TCセンターのほとんどが、特定の小売業者の専用センター、一括物流センターであることから、TCセンターシステムとして標準化が難しい。

POINT90 出荷先からの返品入荷

商品出荷後に、得意先の都合や商品の破損によって商品がセンターに送り返されてきたものを得意先返品と呼ぶ。

POINT91 仕入先への返品出荷

仕入先からの誤入荷、過剰入荷、不良品などを仕入先へ返品することを返品出荷と呼ぶ。

POINT92 締め処理と受け払い報告

1日の作業が終了すると、日次締処理、更新処理、データバックアップなどをWMSで行う。

第6部 導入効果の検証と見直し編

POINT93 PDCAの継続

経営環境や物流を取り巻く状況は変化し続けている。

POINT94 実績データの分析

季節性の分析、カテゴリー分析などの出荷実績データの分析。出荷数量分析、出荷金額分析、出荷行数分析などのABC分析。

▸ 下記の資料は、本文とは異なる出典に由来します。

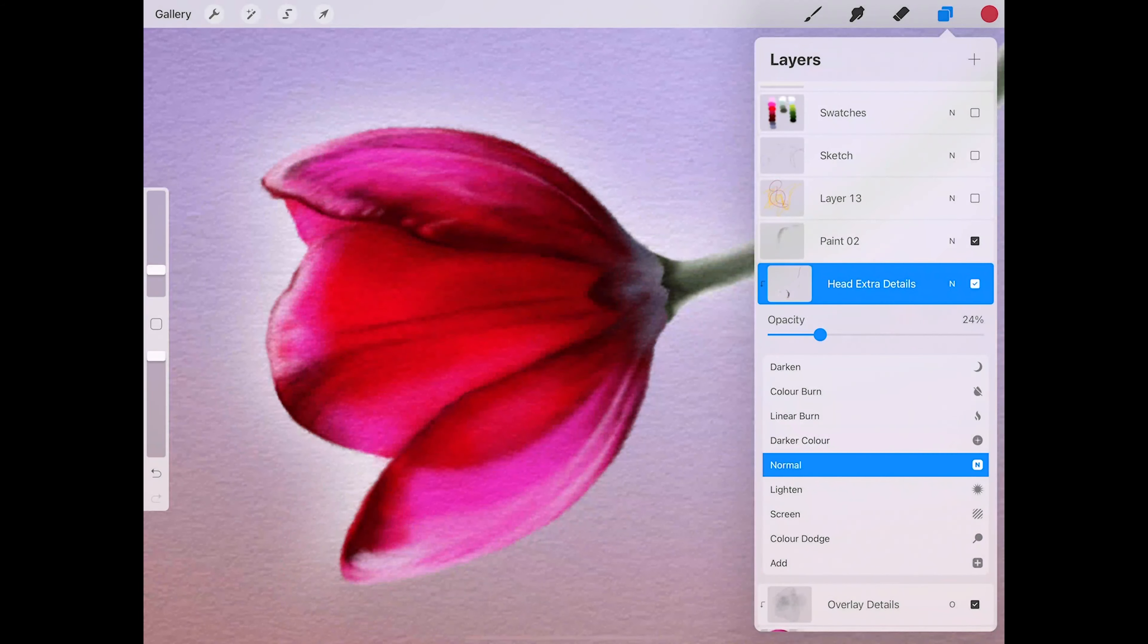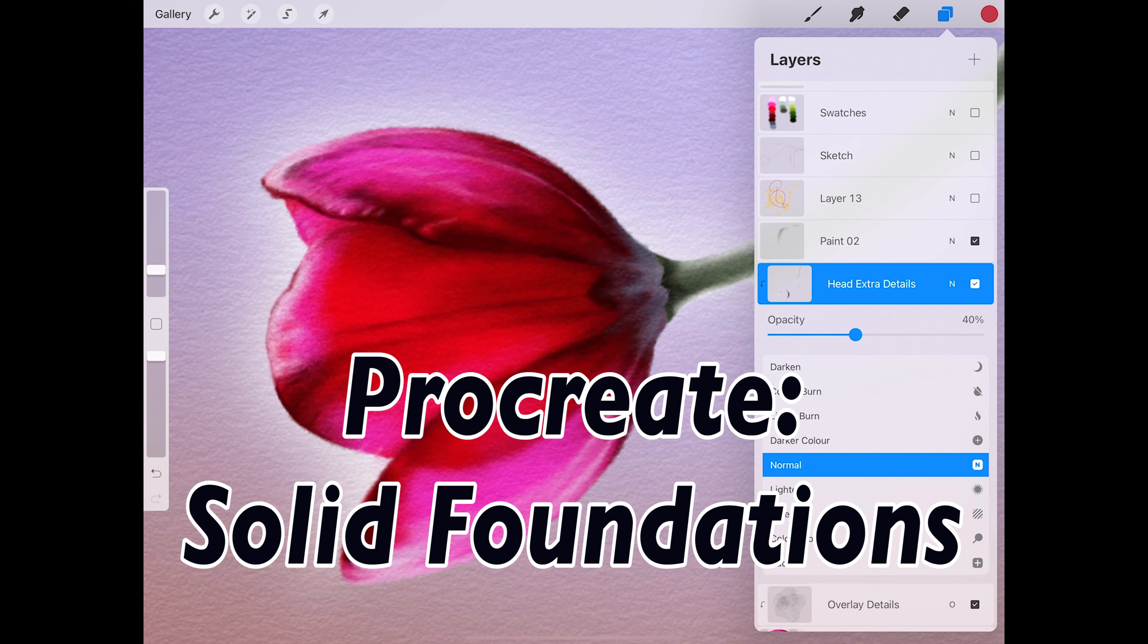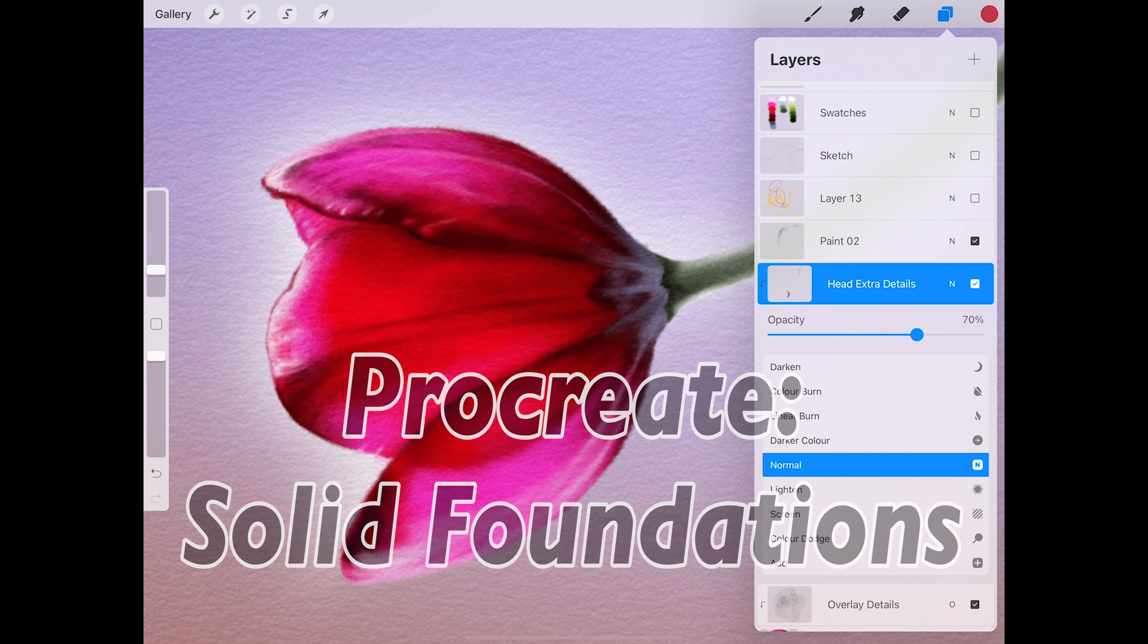Hello and welcome to Procreate Solid Foundations. When it comes to art programs for the iPad, Procreate is right at the top of the tree.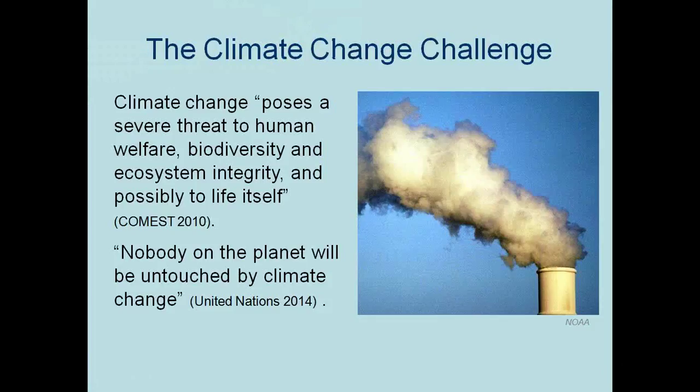Climate change presents a serious global challenge for current and future generations. It poses a severe threat to human welfare, biodiversity, and ecosystem integrity. The chairperson of the IPCC stated that nobody on the planet will be untouched by climate change. To address climate change and transition to a low-carbon economy, the impacts of atmospheric carbon must be reduced without delay, with particular emphasis on the immediate reduction of greenhouse gas emissions. The exploration of naturally existing mechanisms for carbon capture and storage is currently underway, as natural systems from rainforests to seagrass meadows have been providing climate services for millennia.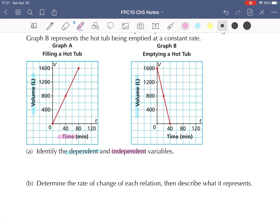Our independent variable is time. The amount of water in the tub depends on how long it's either been filling or draining. The volume of water in the tub depends on how long it's been filling or how long it's been draining.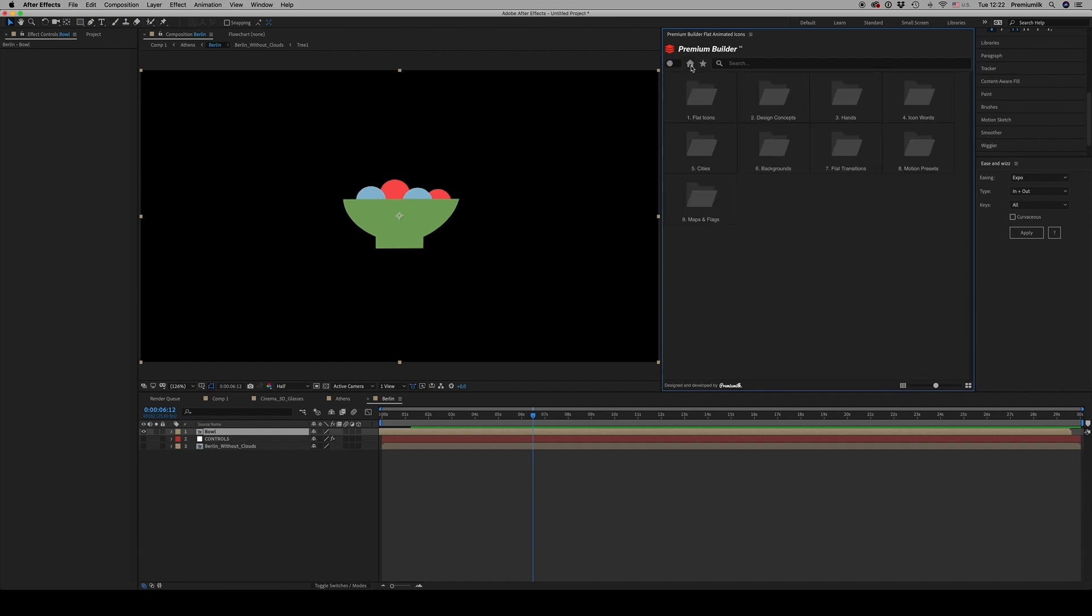So this is Premium Builder. I hope you like it. Don't forget to rate. Thank you very much, bye bye.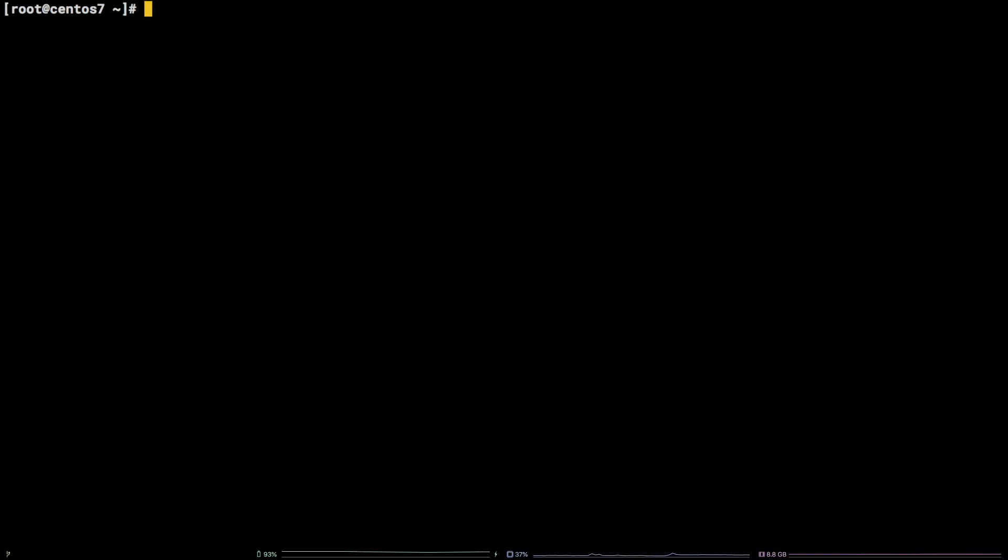First things first, we need to log into MySQL: mysql -u root -p. Now that we're logged in,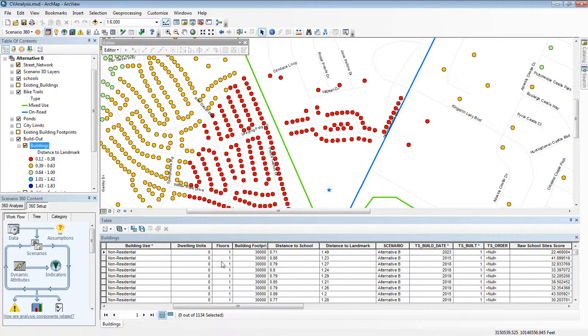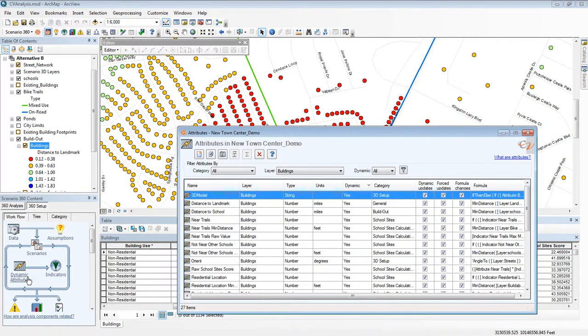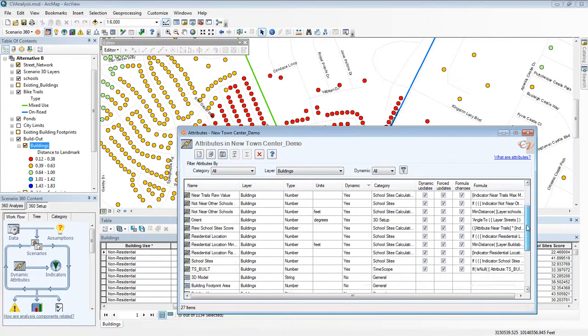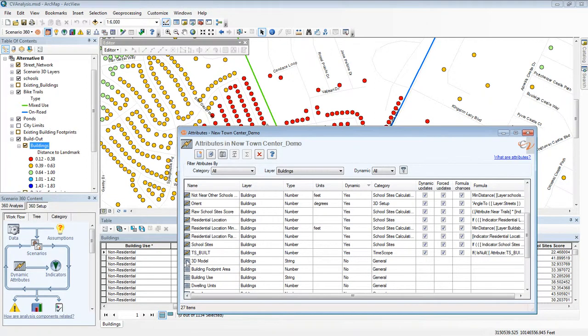If I want to learn more about that attribute, I can go to the scenario 360 content 360 setup tab and click dynamic attributes. This brings up a list of all the attributes in my analysis, both dynamic and non-dynamic. I can tell the difference because of the icon here. The dynamic ones have a yellow lightning bolt on them and the static or non-dynamic attributes have a simple table.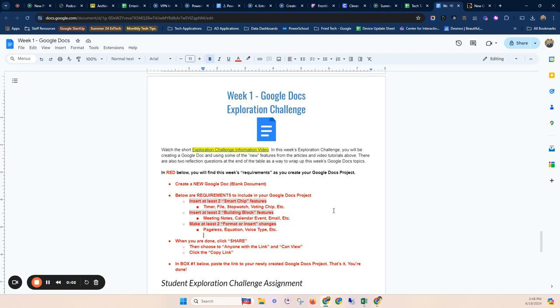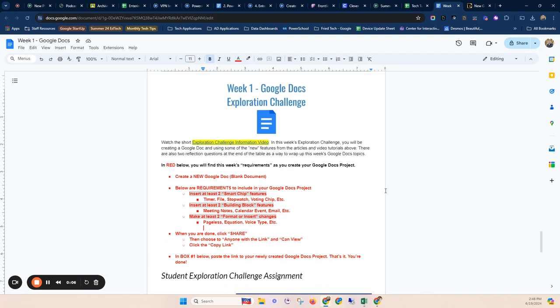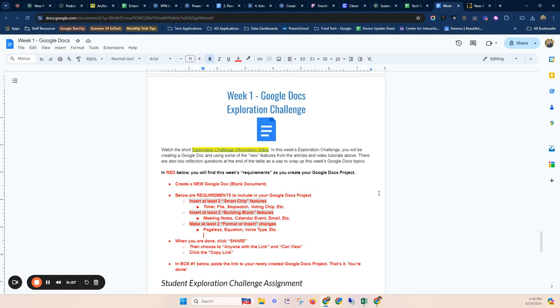Welcome to this week's Exploration Challenge information video. This week's Exploration Challenge is pretty straightforward. We're going to create a new Google Doc from scratch on a blank document.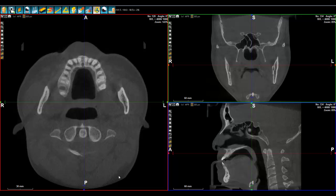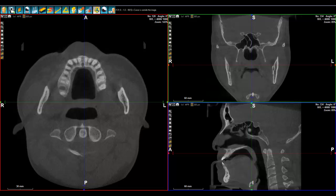One of the nice functions on WhiteFox Imaging is volume calculation. If you are able to isolate any type of window or range of Hounsfield units, you can display it in 3D and ask the software to calculate the volume for you.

POINT95 定期的なロケーション、ゾーンの見直し

商品を出荷するまでの歩行距離は物流センターの中で最も大きな工程のひとつ。

POINT96 QCDの検証

効率化を追求するあまり作業品質の低下を招いていないかなど総合的な検証が必要。

POINT97 レイバーマネージメント

人のマネジメントは、特にコストに影響を与える重要な要素となる。

POINT98 現場力強化で継続改善

現場からの意見を吸い上げて、物流センター全体の運営に反映させることが、改善の継続のポイント。

POINT99 人材育成と教育の充実

管理職と作業者の教育を充実させることで、物流センター全体の作業生産性が向上する。